Il y a un marché électoral pour les désabusés du multiculturalisme et les sceptiques de l'immigration. Maxime Bernier a décidé hier que ce marché-là valait la peine de claquer la porte du parti qui l'a mis sur la mappe, au profit d'un parti à naître qu'il veut mettre sur la mappe.

Le Beauceron se dit libertarien, ce qui est une version du libre-marché à ce point pointue que le libertarisme est un peu comme le maoïsme, à gauche : une patente confidentielle à l'os. Anti-subventions, anti-aide de l'État, antiprotectionnisme agricole : disons que les idées économiques de M. Bernier sont solubles dans le Canada moderne.

C'est pourtant sur ces idées économiques qu'il a mené sa campagne au leadership conservateur en 2017. Avec succès : il a récolté près de 29 % des voix au premier tour...

Pour perdre par un poil de vache au 13e tour d'un système de vote byzantin (comme le sont bien souvent les scrutins de courses à la direction) aux mains du chef actuel, Andrew Scheer.

Et l'immigration, la « diversité », qu'il a pourfendue dans une série de messages Twitter qui ont suscité la controverse, ces derniers jours ?

Maxime Bernier n'a pas fait campagne là-dessus, l'an dernier. Son dada, c'était l'économie en général, et l'urgence de mettre un terme au protectionnisme agricole incarné par la gestion de l'offre en particulier. Mais un an plus tard, M. Bernier est le champion des sceptiques de l'immigration et du multiculturalisme « extrême » à la Trudeau. 

À le voir tweeter ces derniers jours, on voyait bien que l'ex-ministre de l'Industrie de Stephen Harper cherchait à se faire expulser de son parti...

Il s'en est expulsé lui-même, hier, affirmant que son parti était une sorte de Parti libéral du Canada moins photogénique (mon expression), qui a trop peur de la gauche et des médias (son expression) pour remettre en question le multiculturalisme canadien.

Ce qui a poussé un député conservateur de la Colombie-Britannique - Todd Doherty - à lui demander sur Twitter pourquoi il n'avait jamais rien dit sur l'immigration dans les réunions de députés conservateurs.

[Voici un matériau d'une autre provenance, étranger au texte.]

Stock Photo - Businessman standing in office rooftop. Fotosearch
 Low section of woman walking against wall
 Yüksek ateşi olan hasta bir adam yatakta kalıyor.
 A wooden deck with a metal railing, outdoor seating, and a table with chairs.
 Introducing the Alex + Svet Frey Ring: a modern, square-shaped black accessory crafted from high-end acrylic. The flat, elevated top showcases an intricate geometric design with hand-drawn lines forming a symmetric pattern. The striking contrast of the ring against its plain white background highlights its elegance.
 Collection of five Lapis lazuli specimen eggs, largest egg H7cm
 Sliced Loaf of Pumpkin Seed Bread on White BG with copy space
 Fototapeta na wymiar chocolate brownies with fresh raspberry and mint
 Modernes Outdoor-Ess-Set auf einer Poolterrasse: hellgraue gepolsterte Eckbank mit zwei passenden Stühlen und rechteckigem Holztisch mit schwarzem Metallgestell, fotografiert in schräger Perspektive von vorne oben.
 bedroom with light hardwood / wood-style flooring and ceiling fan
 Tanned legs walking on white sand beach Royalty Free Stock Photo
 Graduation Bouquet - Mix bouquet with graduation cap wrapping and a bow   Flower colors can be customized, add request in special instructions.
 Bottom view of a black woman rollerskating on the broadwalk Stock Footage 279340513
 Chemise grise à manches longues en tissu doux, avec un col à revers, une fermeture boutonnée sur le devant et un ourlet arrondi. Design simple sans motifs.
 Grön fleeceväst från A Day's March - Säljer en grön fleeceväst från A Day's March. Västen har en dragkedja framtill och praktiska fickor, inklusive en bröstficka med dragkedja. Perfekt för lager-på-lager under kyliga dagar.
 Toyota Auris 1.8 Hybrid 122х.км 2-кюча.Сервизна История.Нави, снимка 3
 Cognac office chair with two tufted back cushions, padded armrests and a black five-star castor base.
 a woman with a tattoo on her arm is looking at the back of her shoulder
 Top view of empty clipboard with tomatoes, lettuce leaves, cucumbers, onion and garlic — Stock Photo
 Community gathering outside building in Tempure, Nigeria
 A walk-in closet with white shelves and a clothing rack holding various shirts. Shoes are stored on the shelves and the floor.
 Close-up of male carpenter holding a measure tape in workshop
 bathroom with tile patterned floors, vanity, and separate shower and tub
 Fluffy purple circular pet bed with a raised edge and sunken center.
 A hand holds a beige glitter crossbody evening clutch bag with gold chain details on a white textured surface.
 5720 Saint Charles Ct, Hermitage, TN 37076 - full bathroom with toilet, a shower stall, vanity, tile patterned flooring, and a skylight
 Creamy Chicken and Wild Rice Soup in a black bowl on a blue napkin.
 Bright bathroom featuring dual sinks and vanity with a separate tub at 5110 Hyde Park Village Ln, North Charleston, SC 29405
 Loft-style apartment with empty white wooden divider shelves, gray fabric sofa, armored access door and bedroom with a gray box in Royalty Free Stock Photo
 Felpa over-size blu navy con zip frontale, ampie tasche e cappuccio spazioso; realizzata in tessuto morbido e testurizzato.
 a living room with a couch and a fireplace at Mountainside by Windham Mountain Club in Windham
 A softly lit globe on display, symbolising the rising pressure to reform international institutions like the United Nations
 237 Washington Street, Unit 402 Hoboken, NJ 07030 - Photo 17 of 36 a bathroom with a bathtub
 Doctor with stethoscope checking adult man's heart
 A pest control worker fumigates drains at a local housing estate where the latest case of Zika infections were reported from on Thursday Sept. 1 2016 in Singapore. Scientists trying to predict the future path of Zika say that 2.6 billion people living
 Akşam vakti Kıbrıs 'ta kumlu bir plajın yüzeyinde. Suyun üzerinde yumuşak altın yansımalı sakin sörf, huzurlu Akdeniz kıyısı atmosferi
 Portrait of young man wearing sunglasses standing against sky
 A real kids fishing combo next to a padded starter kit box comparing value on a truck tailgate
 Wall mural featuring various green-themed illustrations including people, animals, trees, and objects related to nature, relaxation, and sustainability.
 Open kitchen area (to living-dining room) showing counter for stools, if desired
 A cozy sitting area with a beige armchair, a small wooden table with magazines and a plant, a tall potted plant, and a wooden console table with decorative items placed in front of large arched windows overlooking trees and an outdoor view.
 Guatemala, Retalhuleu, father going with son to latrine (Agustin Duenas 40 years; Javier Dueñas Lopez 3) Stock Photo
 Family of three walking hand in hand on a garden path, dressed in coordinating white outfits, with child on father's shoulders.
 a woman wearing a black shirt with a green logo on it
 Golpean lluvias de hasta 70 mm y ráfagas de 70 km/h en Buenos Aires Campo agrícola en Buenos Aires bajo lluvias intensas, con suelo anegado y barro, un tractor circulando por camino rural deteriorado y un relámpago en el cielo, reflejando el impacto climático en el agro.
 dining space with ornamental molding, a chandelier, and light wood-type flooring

Le député Doherty a conclu son gazouillis par deux émojis, celui d'un poulet et celui d'un tas de merde, ce qui veut dire en anglais chickenshit, ce qui signifie « peureux ».

Quelle époque, quand même : un député fédéral qui utilise des émojis de poulet et de caca...

Que Maxime Bernier choisisse de parler d'immigration, de diversité, de frontières, de réfugiés et de multiculturalisme, c'est un choix parfaitement légitime.

Ces questions-là n'ont pas à être dans le coffre-fort national, intouchables.

Et beaucoup de Canadiens ont des choses à dire là-dessus. Ce ne sont pas tous des racistes, tant s'en faut. Mais aucun parti national n'a vraiment envie de parler sérieusement de ces enjeux. Maxime Bernier a décidé de le faire, dans son nouveau parti.

Pour le politicien Maxime Bernier, inamovible dans sa circonscription, ce choix est sans risques : les gens de Beauce l'adorent, comme en font foi ses majorités de calibre nord-coréen de 2006, 2008, 2011 et 2015. On le sent bien, M. Bernier pourrait se convertir au maoïsme que les Beaucerons voteraient encore pour lui. 

Ils ont toujours voté pour lui, même après des déboires comme la distribution des Jos Louis en Afghanistan ou son expulsion du cabinet Harper après cette cocasse histoire de documents secrets oubliés chez une copine...

Mais pour le tissu social, c'est une autre histoire. Tous les Canadiens qui ont des choses à dire sur les enjeux identitaires ne sont pas des racistes, mais les racistes ont tous des choses à dire là-dessus... Et ceux-là, depuis que M. Bernier est le pourfendeur en chef du multiculturalisme, pensent avoir trouvé leur relais politique au Parlement canadien.

Maxime Bernier va-t-il se distancer d'eux ?

J'espère que oui. Mais j'ai bien peur que non...

Par exemple, dans la journée de lundi, il était clair que Diane Blain, cette femme qui est allée conspuer Justin Trudeau dans une assemblée partisane en Montérégie, est une xénophobe qui fraie avec des groupes xénophobes réactionnaires.

Lundi, on savait. On savait que Mme Blain croque de l'« étrange », qu'importe son statut.

Mais mardi, sur Twitter, Maxime Bernier se servait encore de Mme Blain pour critiquer Justin Trudeau et lui reprocher d'avoir crié sur Mme Blain.

Alors on peut parler d'immigration, on peut parler de diversité, on peut parler de multiculturalisme, je veux bien, ça se fait.

Mais me semble qu'on devrait le faire sans flatter les fachos dans le sens du poil.